Robert B. Weide

A Sketch of Robert B. Weide's Career

After being rejected from USC's film school for the third time, Bob Weide figured he was destined to become a film-maker.

In 1982, at the age of 22, he produced The Marx Brothers in a Nutshell, a documentary tribute to his first love(s) which became one of the highest-rated programs in PBS history.

Two years later, he produced and directed The Great Standups: Sixty Years of Laughter for HBO. In 1986 he received the national prime-time Emmy Award for W. C. Fields Straight Up, honored as the year's Outstanding Informational Special.

In 1989, Weide produced, wrote and directed Mort Sahl: The Loyal Opposition, which aired on PBS' ''American Masters'' series. From 1990-'94 he served as Vice President of Development for Rollins & Joffe Productions (producers of Woody Allen's films) where he executive-produced Larry Gelbart's critically acclaimed political satire, Mastergate for the Showtime Network and Rick Reynolds' one-man confessional, Only The Truth Is Funny. He has also produced the HBO specials But Seriously, Folks and The Lost Minutes of Billy Crystal.

1996 saw the release of Weide's first feature film as writer/producer, Mother Night, based on the novel by Kurt Vonnegut. The film starred Nick Nolte, John Goodman, Alan Arkin, Sheryl Lee, and Kirsten Dunst.

In 1998, Weide completed a twelve year labor-of-love, his acclaimed documentary Lenny Bruce: Swear to Tell the Truth. His efforts were rewarded with an Academy Award nomination for Best Feature Documentary, followed in '99 with an Emmy award for the film's editing and an Emmy nomination for Outstanding Non-Fiction Special.

In 1999, HBO premiered Weide's comedy special, Larry David: Curb Your Enthusiasm, a partly real, partly embellished ''mock-umentary'' chronicling the return to stand-up by Larry David, co-creator of Seinfeld. For five seasons, Weide served as the Principal Director and Executive Producer of the series based on this special, directing more than half the episodes. The series, Curb Your Enthusiasm, premiered on HBO in the Fall of 2000 to rave reviews and has so far had nine seasons on the cable network. It's currently enjoying syndication and DVD sales all over the world.

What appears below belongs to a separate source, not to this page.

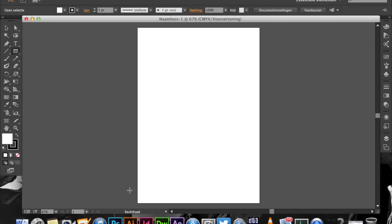I can't really get bothered with changing my language, so I'm just going to do it in the Dutch version. It doesn't really matter. It's almost the same as long as you do what I'm doing.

In 2001, the AFI named ''Curb'' the Comedy Series of the Year. In 2002, the show received an Emmy nomination as Outstanding Comedy Series, and Weide was nominated as Outstanding Director of a Comedy Series. ''Curb'' also received the Golden Globe Award in 2003 as Best Television Comedy Series. That same year, Weide won the Emmy Award for Comedy Direction for his Curb episode ''Krazee-Eyez Killa.'' The show itself and Weide's direction would be Emmy nominated for four years running. After a two year hiatus from the series, Weide returned to direct Season Eight's ultimate "water cooler" episode, "Palestinian Chicken" which brought him the prestigious DGA Award (Directors Guild of America) for Comedy Direction, and another Emmy Award nomination for the same. To-date, Weide has directed 28 episodes of the series.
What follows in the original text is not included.